A comparison between traditional ISP’s, Microsoft Azure and Amazone’s cloud solutions for hosting an average web application. Considering the features and the cost.

This is a report of an extensive research I have undertaken to evaluate the options for hosting a website (www.vrijezending.nl). I’ve been voluntarily keeping it up to date since 1997 and over time it has grown into an application, delivering content in 7 formats (web/mobile-web/ePub/pdf-ebook/pdf-booklet/ xps –ebook/xps-booklet) and other dynamic features. The research is limited, or rather explicitly focused on an ASP.Net web-application.

Comparing prices

Using the Microsoft Azure calculator and Amazons monthly calculator, together with TransIp's website, I tried to get the minimum requirements needed to run my site with its existing URL. I admit that I am comparing pears with apples (and Dollars with Euro's as well). I also added two VPC configurations from TransIp to the comparision to put it into perspective:

  Microsoft Azure     Amazon EC2     TransIP 1     TransIP 2     Shared Hosting  
Processor  1GHz     0,2~2GHz
    1 Intel Xeon     2 Intel Xeon     At least 2Ghz  
Memory 768Mb     613Mb  
  1024Mb     4096Mb     ?  
Storage 150Gig     30Gig     50Gig     150Gig     200Mb  
Traffic 5Gig     5Gig     1000Gig     5000Gig     1000Gig  
Extras       IP addr.
    Win2K8R2  
  Win2K8R2  
     
Total:   €14,80     $29,76     €17,50     €27,50     ~€5,-

 

Traditional ISP

Shared hosting

ISP’s have been providing shared hosting for as long as I started using the Internet. Shared hosting is also the cheapest option (by far) when it is an option. It often imposes many restrictions though, such as granting only partial trust to an application. This can be a boundary, especially when things like dynamic PDF generation is required.

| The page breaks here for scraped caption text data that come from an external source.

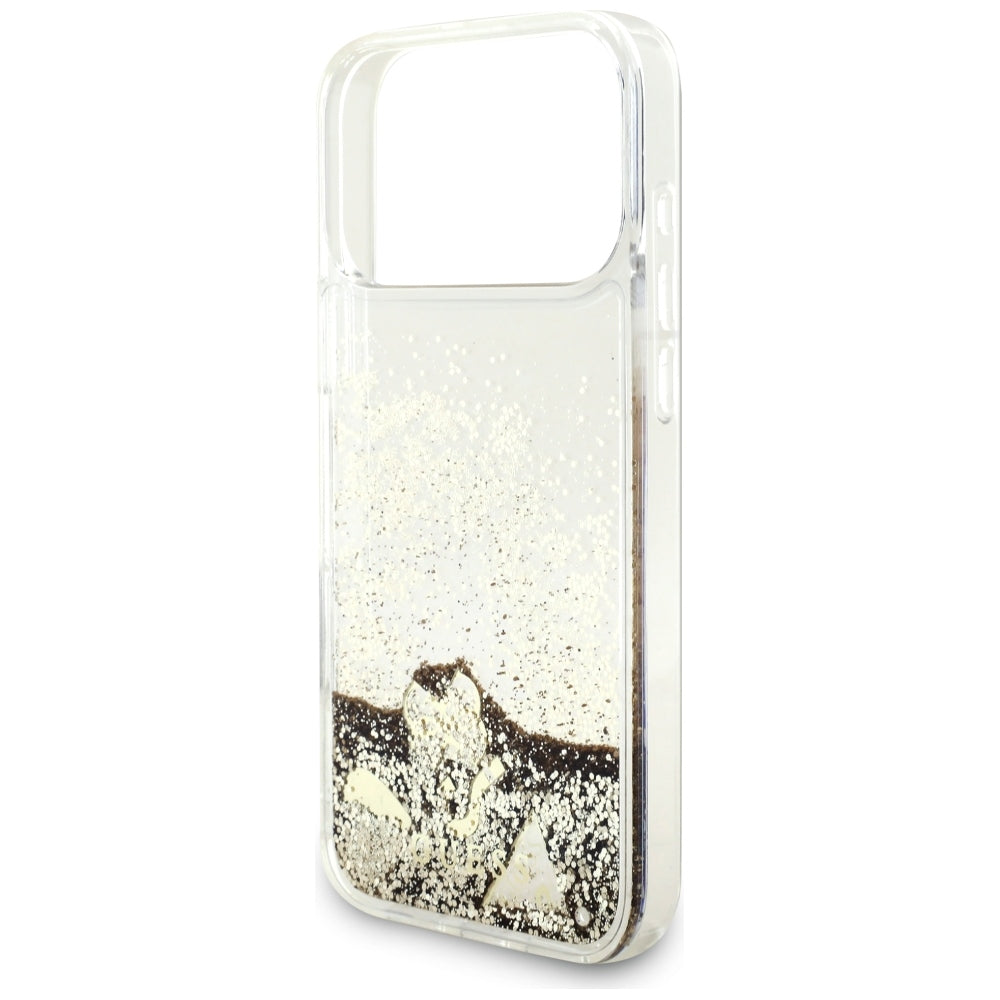 Maska za Apple iPhone 18 Pro / 17 Pro, Guess, Liquid Glitter Charms, zlatna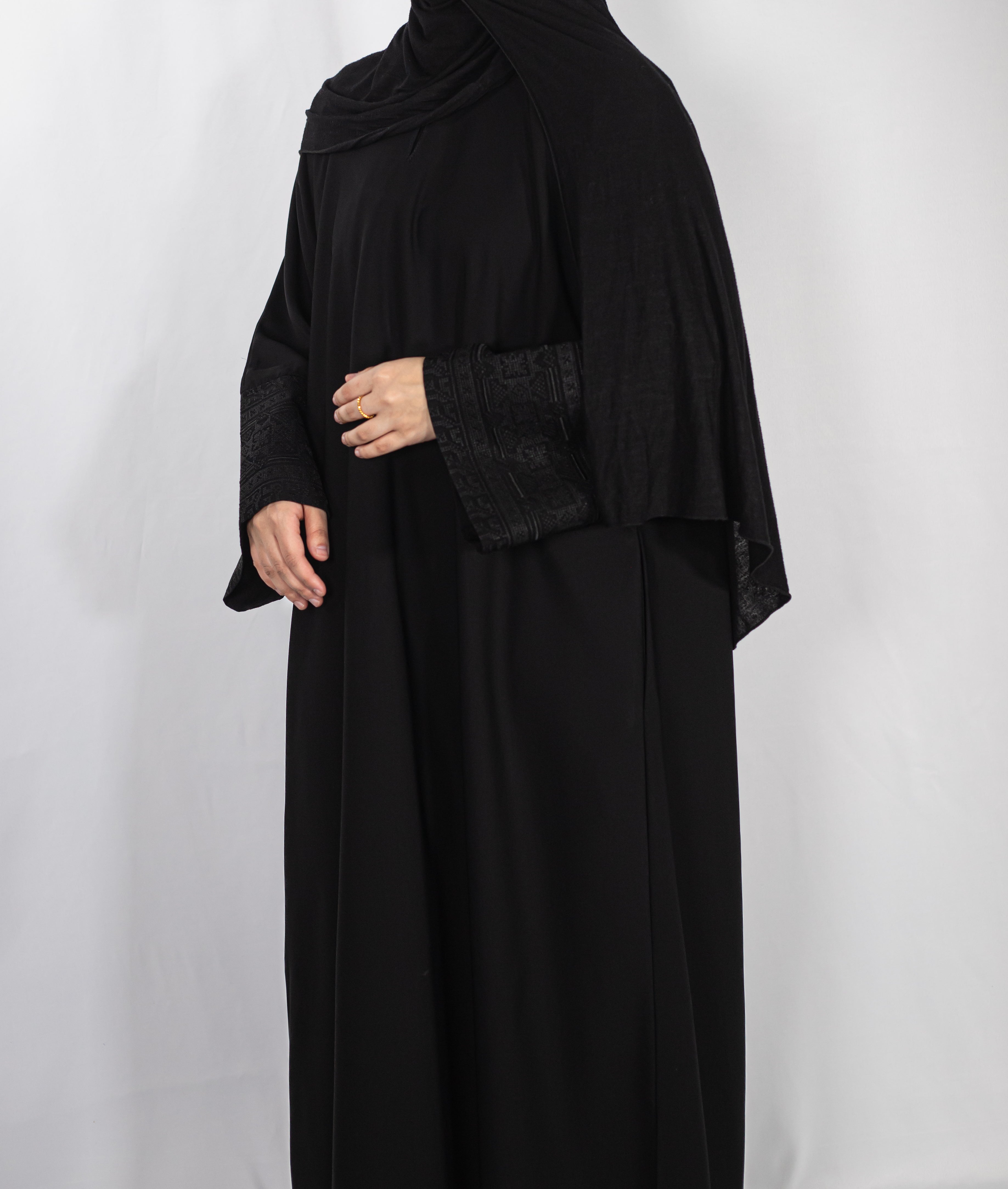 Black Jacquard Geometric Abaya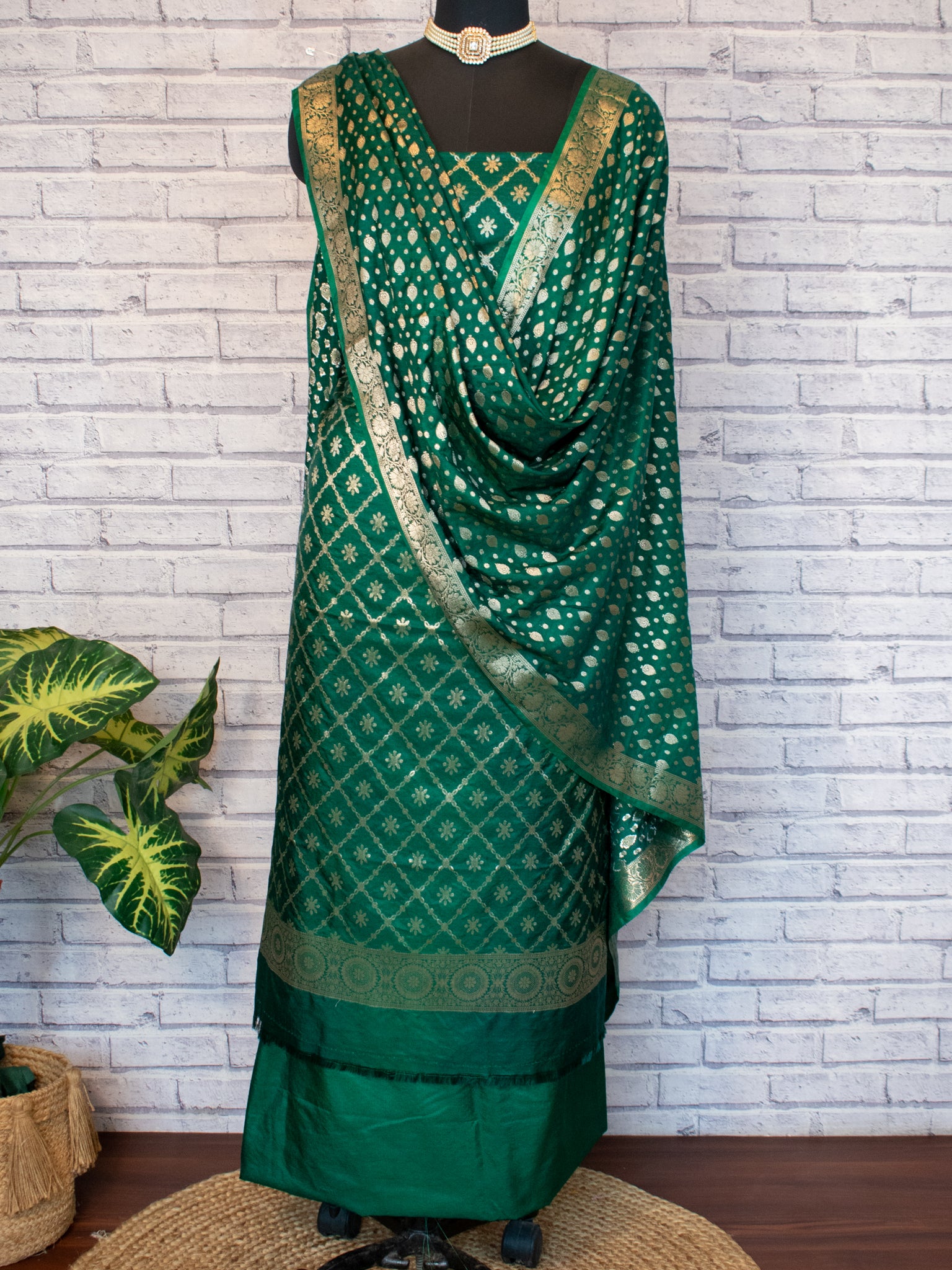 Banarasi Semi Katan Salwar Kameez Fabric With Dupatta- Green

The basic idea was to set up a basic website on the webserver, point it to a directory on the file system, add an ftp account constrained to that directory and you have the simplest shared hosting instance imaginable. Things have changed quite a bit since then but the basic idea is still the same. It is now also common to have access to an additional control panel like Plesk or cPanel in which you can configure E-mail, domain-names, webserver settings and databases. One of the best places to find a shared hosting provider for ASP.Net is http://www.microsoft.com/web/hosting/home.

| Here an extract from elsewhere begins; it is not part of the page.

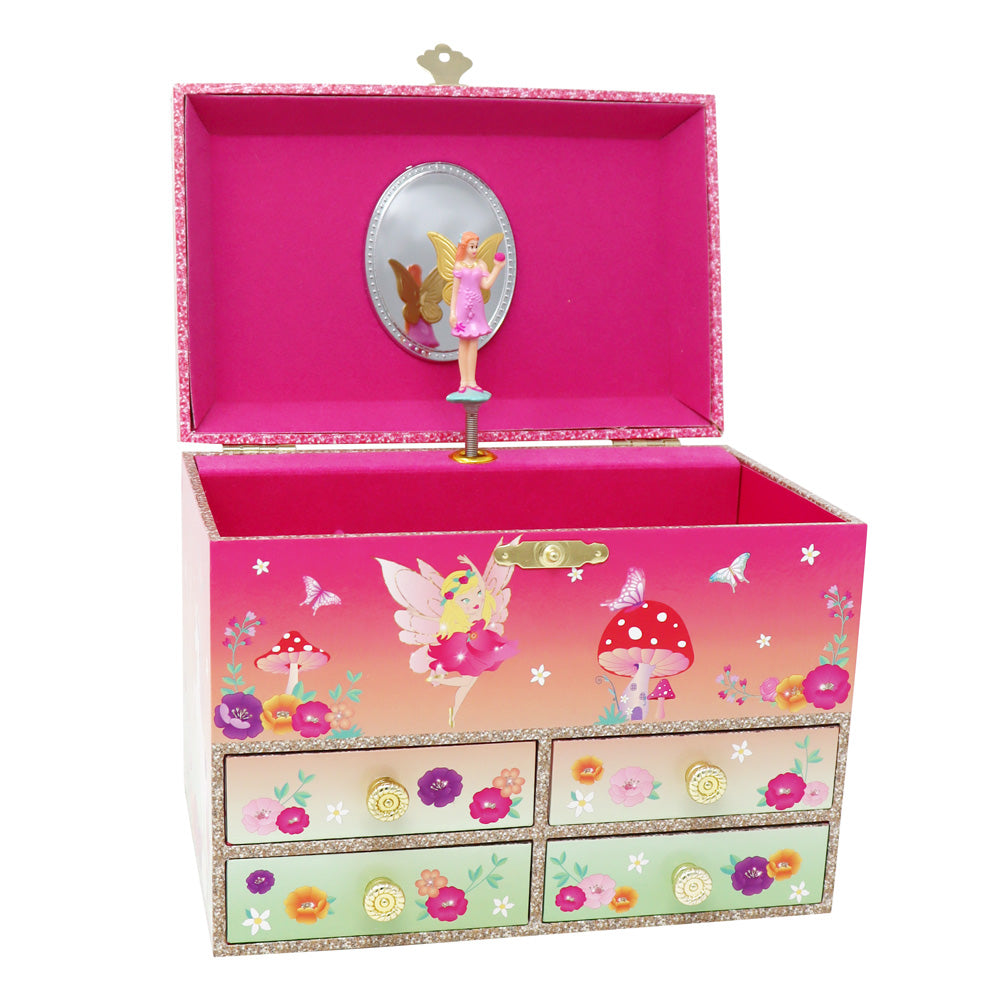 Unicorn & The Pixie Fairy Medium Musical Jewellery Box - Pink Poppy Australia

VPS (Virtual Private Server)

VPS hosting came on the scene a bit later than shared hosting, but added quite allot flexibility and freedom than the restricted shared environments could allow. It is pretty much a virtual machine (VMware or Microsoft) on which you can install an OS of choice and run anything you want. Usually bandwidth, disk size and cpu usage are bounded or throttled in some way or another.

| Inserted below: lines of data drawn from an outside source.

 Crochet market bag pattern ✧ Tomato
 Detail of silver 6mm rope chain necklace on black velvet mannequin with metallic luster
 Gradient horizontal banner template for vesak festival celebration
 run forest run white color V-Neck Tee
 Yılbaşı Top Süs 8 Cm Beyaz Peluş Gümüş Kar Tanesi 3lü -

To use ASP.Net, it is recommended to have a Windows installation (though other options are possible if you really want to make life difficult for yourself). Usually an additional monthly fee is added for the Windows licence.

The cheapest and fastest (by far) provider I know for VPS is TransIP.

Cloud Hosting

If you are new to the concept of "The cloud", check out my brief introduction to the cloud.

Microsoft Azure

Free / Shared hosting

If you don’t care about your URL, Microsoft offers up to 10 websites hosted for free on their shared hosting platform. These websites can run in full trust mode. If you need SqlServer You’ll have to pay a small extra fee for it. The normal shared hosting is the same as the free one except it allows you to configure an URL for it (you will however have to register the domain name and DNS service elsewhere).

At first glance it looks wonderful, lots of freedom, full trust, easy configuration. But looking deeper there’s one drawback: No caching! If you’re using a CMS with database storage you would at least want to cache the menu’s and toolbars. No cache means that your site will run sluggish in the free program. The cheapest cache option costs over €30 per month! (128Mb shared cache). The only positive thing I can say about it is that the lack of cache lead me to find a bug in my website I would otherwise never have found (a Null-reference when trying to access the cache).

Reserved (VPC-like)

The “reserved” option costs the same as a single VPC instance. I haven’t tried it but I guess it is identical to the smallest VPC available. These instances are not redundant! If you want guaranteed uptime you need to have at least two instances coupled! The drop-outs appear to be relatively frequent (this also frustrates some Linux users). Most ISP’s would provide redundancy through at-least the Virtual Machine layer, where you would have control over when you want to install updates and reboot the machine at your own convenient time (unless you set it to automatic off course).

Amazon EC2

Elastic beanstalk (Shared)

As with Microsoft’s VPC option, I havn’t actively tried the Elastic Beanstalk (yet). They offer a Visual Studio plug-in toolkit, but it is also possible to deploy using a Microsoft Web-deploy zip package. I personally prefer to upload files Via FTP (or cut-and-paste via RDP), set up the database and configure IIS manually.

EC2 instance (VPC)

Amazon has an offering for a 1-year-free-trial. This is for the smallest possible configuration. A funny thing about Amazones smallest VPC is that is has a dynamic CPU speed. I noticed that the first request was extremely fast on Amazon compared to Microsoft’s platform. Then I went ahead and installed PovRay (a 3D photorealistic ray-tracing renrerer) on the instance and started one of the benchmark renderings. It started quite well but after a few seconds it slowed down to a grinding snailpace. I think this is quite fair. It will give your site the oomph it needs when it really needs it, but when misused, it will throttle you down to behave decently.

Test drive

I have temporarily hosted the site on 3 servers. The shared hosting provider I currently have is running my website on one of TransIP's servers (that's how I found out about TransIp in the first place). They don't seem to be offering this package any more and it looks like they have their own servers now for new customers.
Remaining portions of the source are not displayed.